Wednesday, September 28, 2011

The Biology of Stimulants, or Why You Can’t Stay High Forever

An essay on the losing battle for perpetual reward.

The amphetamine high, like the cocaine high, is a marvel of biochemical efficiency. Stimulants work primarily by blocking the reuptake of dopamine molecules in the synaptic gap between nerve cells. Dopamine remains stalled in the gap, stimulating the receptors, resulting in higher dopamine concentrations and greater sensitivity to dopamine in general. Since dopamine is involved in moods and activities such as pleasure, alertness and movement, the primary results of using cocaine or speed—euphoria, a sense of well being, physical alertness, and increased energy—are easily understood. Even a layperson can tell when lab rats have been on a meth binge. The rapid movements, sniffing, and sudden rearing at minor stimuli are not that much different in principle from the outward signs of meth intoxication among higher primates.

Chemically, cocaine and amphetamine are very different compounds. Psychoactively, however, they are very much alike. Of all the addictive drugs, smoked cocaine and speed have the most direct and most devastatingly euphoric effect on the dopamine systems of the brain. Cocaine and amphetamine produce rapid classical conditioning in addicts, demonstrated by the intense cravings touched off by such stimuli as the sight of a building where the user used to buy or sell. Environmental impacts of this nature can produce marked blood flow increases to key limbic structures in abstinent addicts.

In clinical settings, cocaine users have a hard time distinguishing between equal doses of cocaine and Dexedrine, administered intravenously. As we know, it is the shape of the molecule that counts. The amphetamines are shaped like dopamine and norepinephrine, two of the three reward chemicals. Speed, then, is well suited to the task of artificially stimulating the limbic reward pathway. Molecules of amphetamine displace dopamine and norepinephrine in the storage vesicles, squeezing those two neurotransmitters into the synaptic gap and keeping them there. By mechanisms less well identified, cocaine accomplishes the same feat. Both drugs also interfere with the return of dopamine, norepinephrine, and serotonin molecules to their storage sacs, a procedure known as reuptake blocking. Cocaine works its effects primarily by blocking the reuptake of dopamine.

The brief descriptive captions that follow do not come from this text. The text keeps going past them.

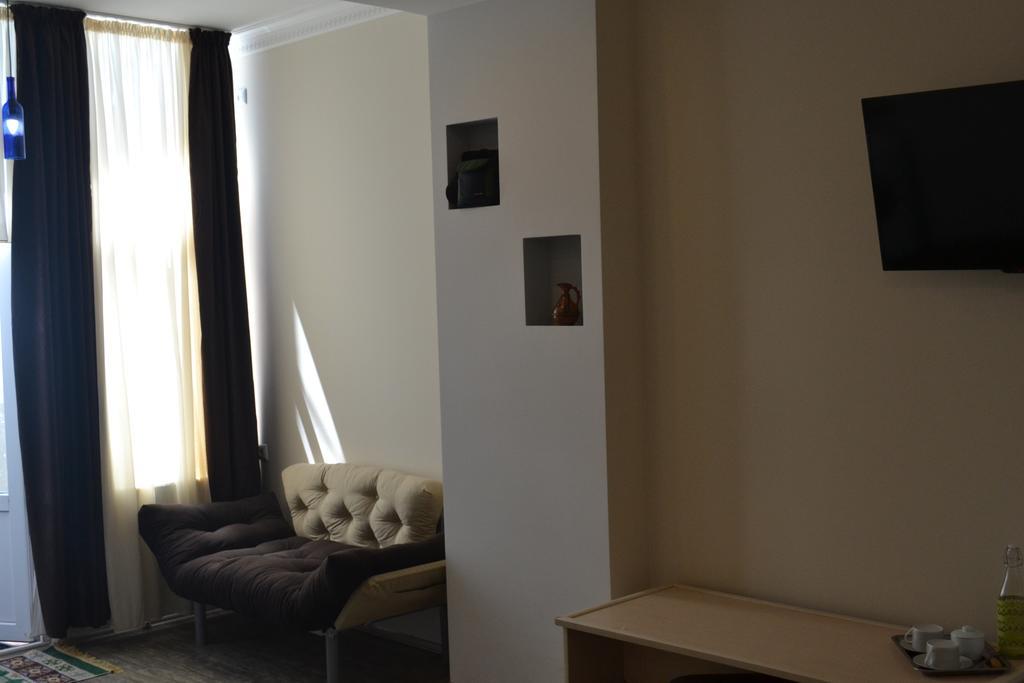 Family Apartment In Avlabari Tbilisi Luaran gambar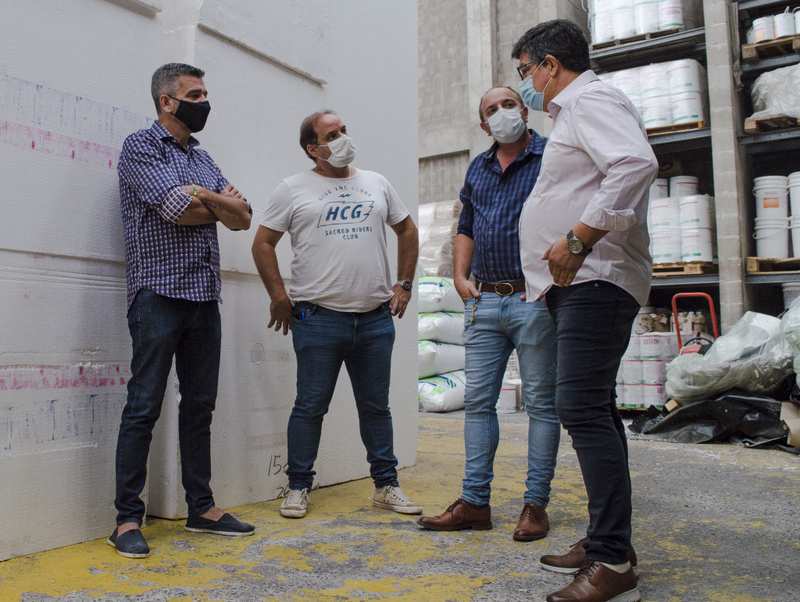 Zabaleta realizó un acuerdo con la empresa de membranas Cafivel para seguir mejorando la infraestructura escolar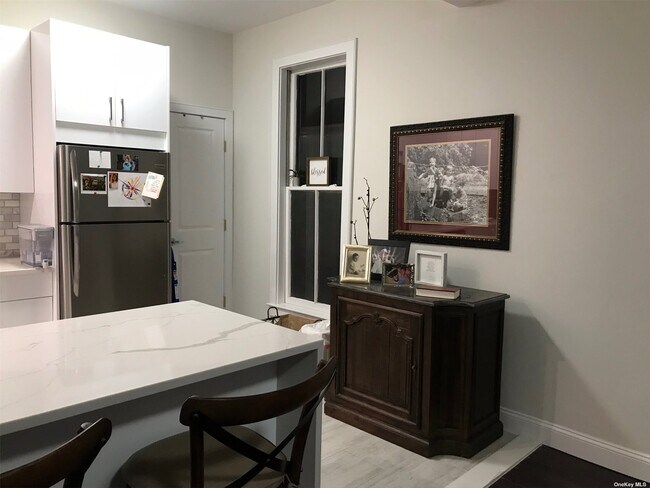 Building Photo - 3 Bryant Ave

Amphetamine was once one of the most widely prescribed drugs in the pharmacological cornucopia. It exists in large part now as a recreational drug of choice, abuse, and addiction. The same is true of cocaine. It was replaced as a dental anesthetic long ago, in favor of non-addictive variants like Novocain. The same tragic list of statistical side effects that apply to abusers of alcohol, heroin and nicotine also apply to stimulant abusers: Increased risk of car accidents, homicides, heart attack, and strokes.

In the late 1990s, scientists at Johns Hopkins and NIDA showed that opiate receptors play a role in cocaine addiction as well. PET scans demonstrated that cocaine addicts showed increased binding activity at mu opiate receptors sites in the brain during active cocaine addiction. Take away the cocaine, and the brain must cope with too many empty dopamine and endorphin receptors. It is also easy to understand the typical symptoms of cocaine and amphetamine withdrawal: lethargy, depression, anger, and a heightened perception of pain. Both the cocaine high and the amphetamine high are easily augmented with cigarettes or heroin. These combinations result in “nucleus accumbens dopamine overflow,” a state of neurochemical super saturation similar to the results obtained with the notorious “speedball”—heroin plus cocaine.

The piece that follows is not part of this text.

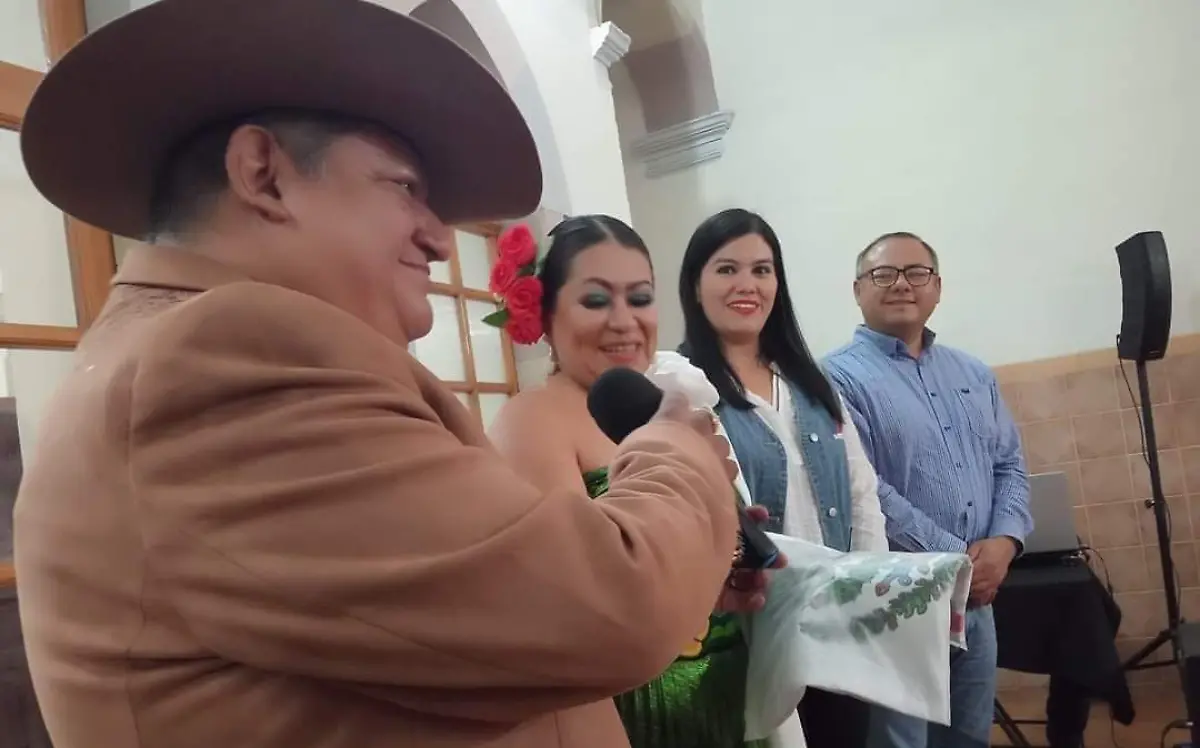 Verónica-Salazar-García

With the arrival of smokable forms of cocaine and amphetamine, the race to pin down the biology of stimulation became even more urgent. Stimulants in smokable form—crack and ice—are even more rapidly addictive for addiction-prone users. “The reason has to do with the hydraulics of the blood supply,” a researcher at the University of Minnesota explained to me. “High concentrations are achieved with each inhalation, and sent right upstairs to the brain—but not all of the brain simultaneously. The target of the flow of blood is the limbic system, whereas the remainder of the brain is exposed to much milder concentrations.”

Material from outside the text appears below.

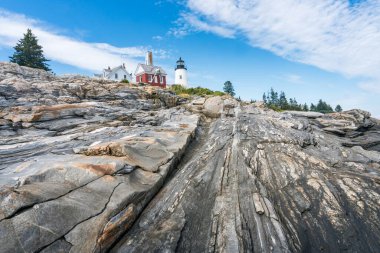 Portland, ABD - 13 Ağustos 2019: Pemaquid Point Deniz fenerinin manzarası, Pemaquid Neck 'in tepesindeki tarihi deniz feneri bulutlu bir günde
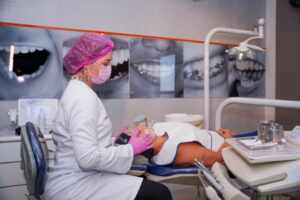 Jato de plasma: Entenda como esse tratamento ajuda a combater a flacidez na face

This extraordinarily concentrated jolt to the reward center is the reason why smokable cocaine and speed are able to pack such a wallop. The entire range of stimulative effects hits the ventral tegmental area and associated reward regions of the brain in seconds, and the focused nature of the impact yields an astonishingly pleasurable high.

But the long-term result is exactly the opposite. It may sound dour and religious, but the scientific fact of the matter is that continuous chemical pleasure extracts its fee in the end: The body’s natural stock of these neurotransmitters starts to fall as the brain, striving to compensate for the artificial flooding of the reward center, orders a general cutback in production. At the same time, the receptors for these neurotransmitters become excessively sensitive due to the frequent, often unremitting nature of the stimulation.

“It’s clear that cocaine causes depletion of dopamine, norepinephrine, serotonin—it is a general neurotransmitter depleter,” said my research source. “That may account for many of the effects we see after someone has stopped using cocaine. They’re tired, they’re lethargic, they sleep; they may be depressed, moody, and so on.” Continued abuse of stimulant drugs only makes the problem worse. One reason why cocaine and amphetamine addicts will continue to use, even in the face of rapidly diminishing returns, is simply to avoid the crushing onset of withdrawal. Even though the drugs may no longer be working as well as they once did, the alternative—the psychological cost of withdrawal—is even worse. In the jargon used by Alcoholics Anonymous, addicts generally have to get worse before they can get better.

When addicts talk about “chasing a high,” the metaphor can be extended to the losing battle of neurotransmitter levels.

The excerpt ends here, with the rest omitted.